Data extracted from a collection »

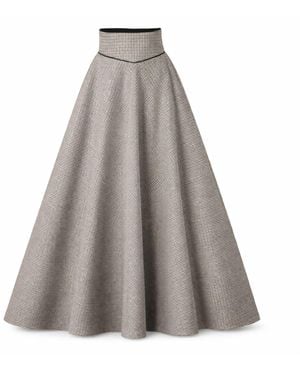 Nikka Place Long Wool A-Line Skirt With Ultra High Waist And Pockets - Grey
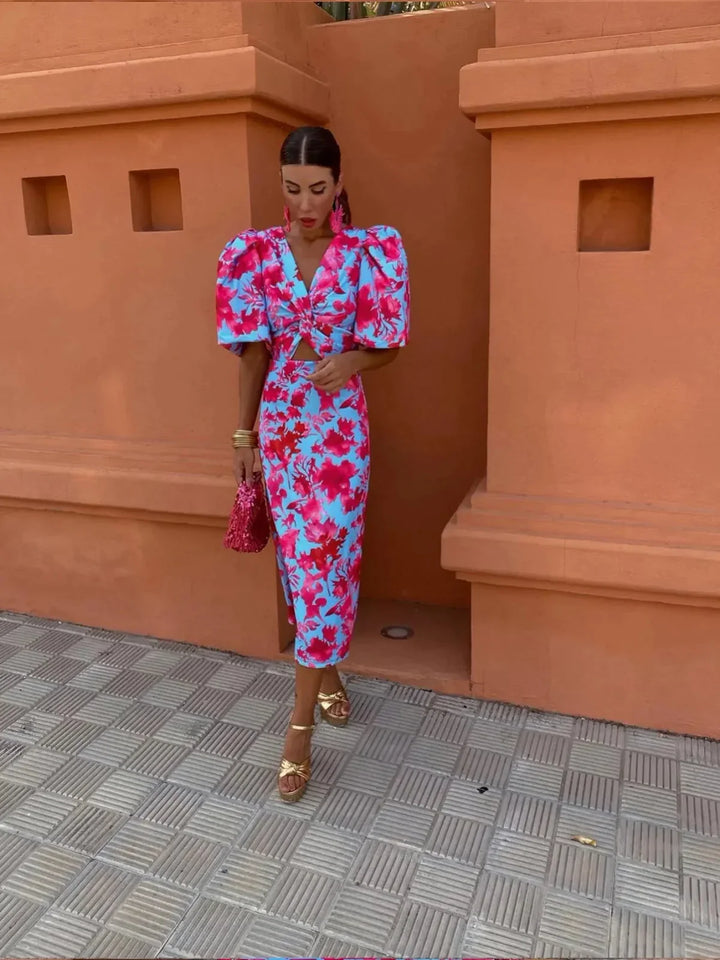 Eleonora | Elegante Jurk met Ruchesmouwen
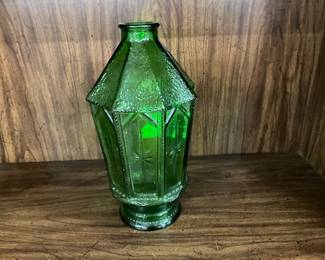 Wheaton Glass Co Green Hexagonal Lantern Shaped Vase/Bottle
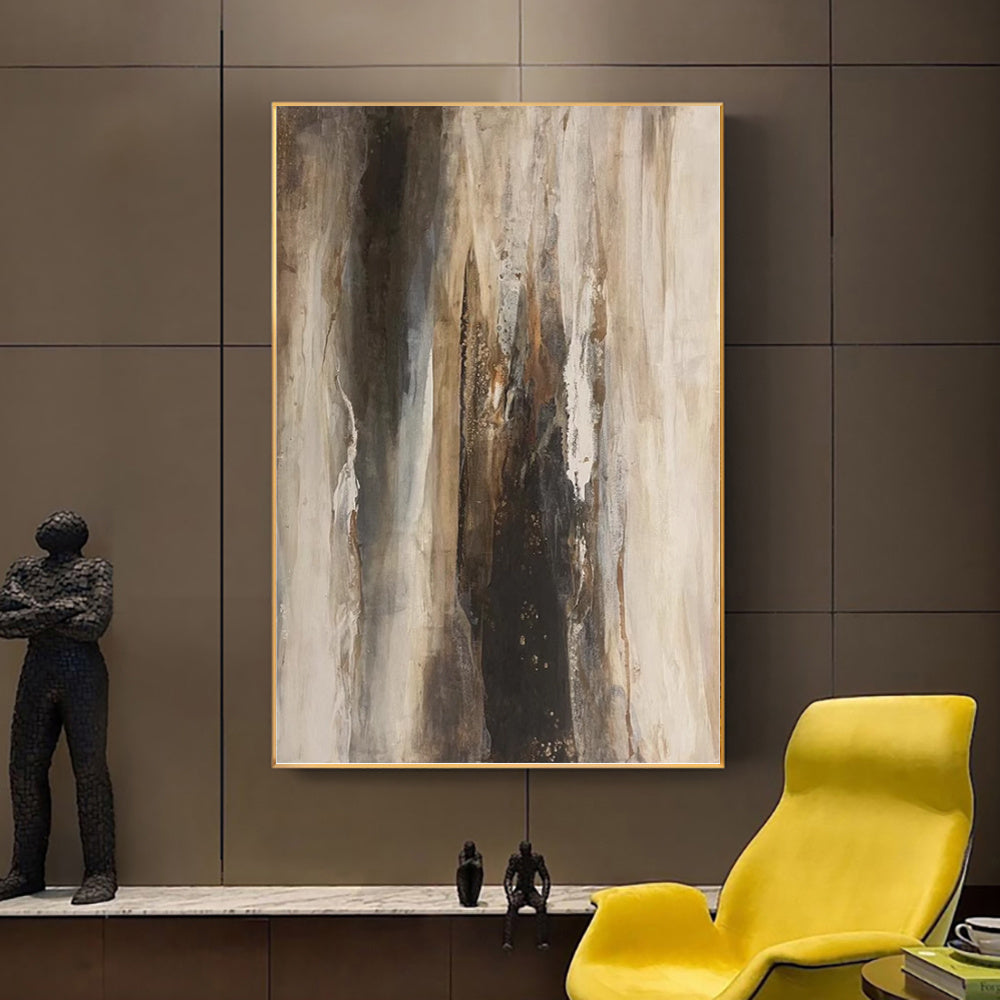 HKM-620179 Handmade Abstract Oil Painting on Canvas - Modern Retro Wall Art for Living Room Decor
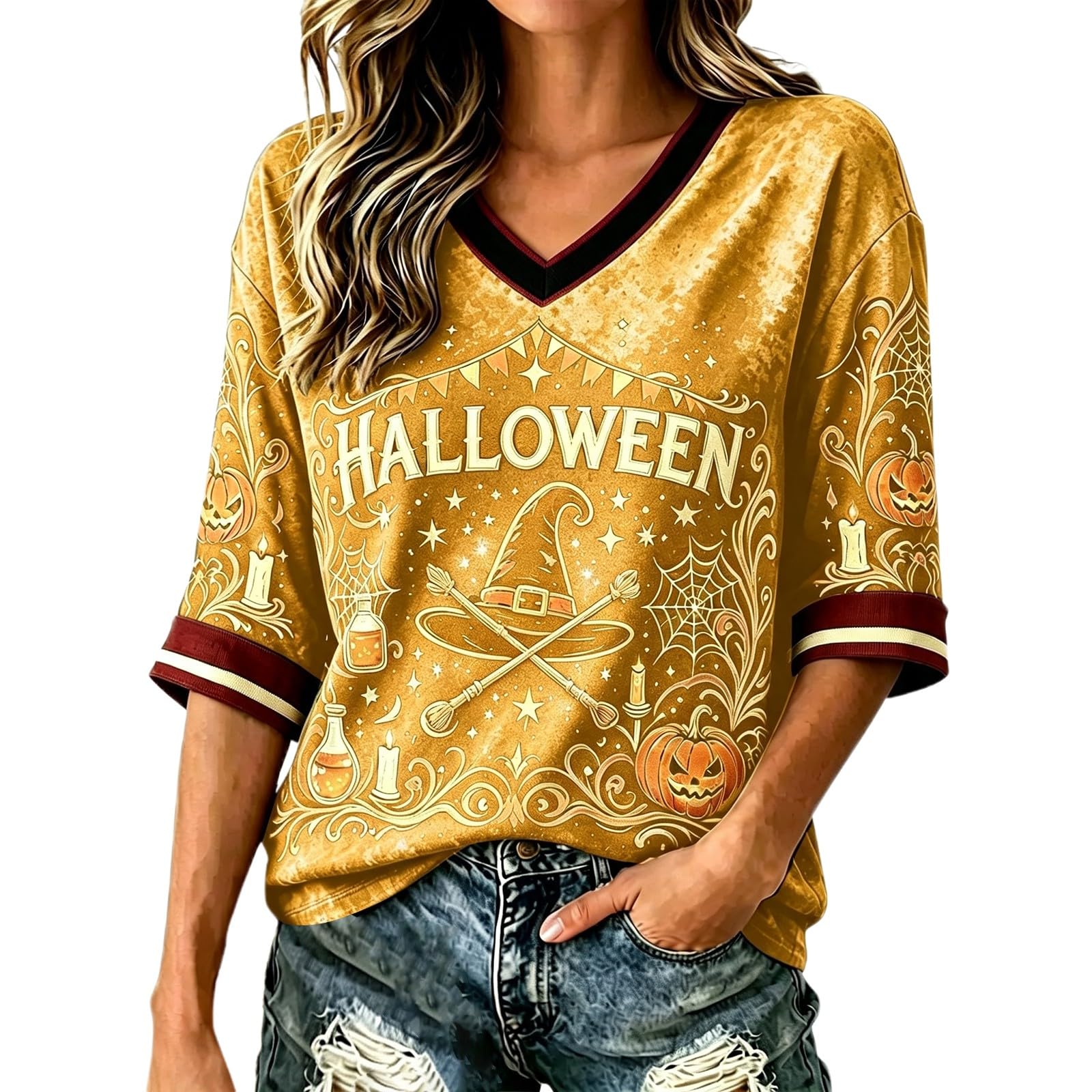 Salem Broom Co Halloween Shirts Women 3/4 Sleeve Vintage Witch Tops Funny Halloween Costumes Casual V Neck Witch Tee Shirts Novelty Fashion Festival Party Clothes (Z02-Yellow, L)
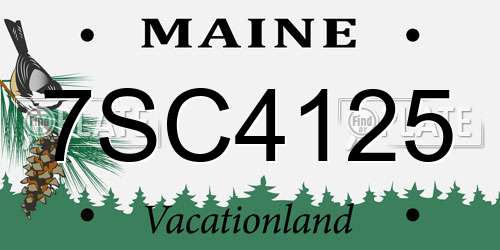 7SC4125 Maine License Plate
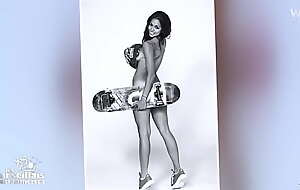 Definiteness TV starlets pose naked with skateboards
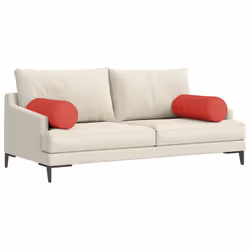 Coussins D'Accent 2 Pcs Rouge Ø 25 X 70 Cm Tissu Vidaxl - Vue supplémentaire 2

Aim of the exercise »
Repeat, with no pictures, every line from the top of the entries above through the line that has "HKM-620179 Handmade Abstract", keeping each one exact.

The completed task »
 Nikka Place Long Wool A-Line Skirt With Ultra High Waist And Pockets - Grey
 Eleonora | Elegante Jurk met Ruchesmouwen
 Wheaton Glass Co Green Hexagonal Lantern Shaped Vase/Bottle
 HKM-620179 Handmade Abstract Oil Painting on Canvas - Modern Retro Wall Art for Living Room Decor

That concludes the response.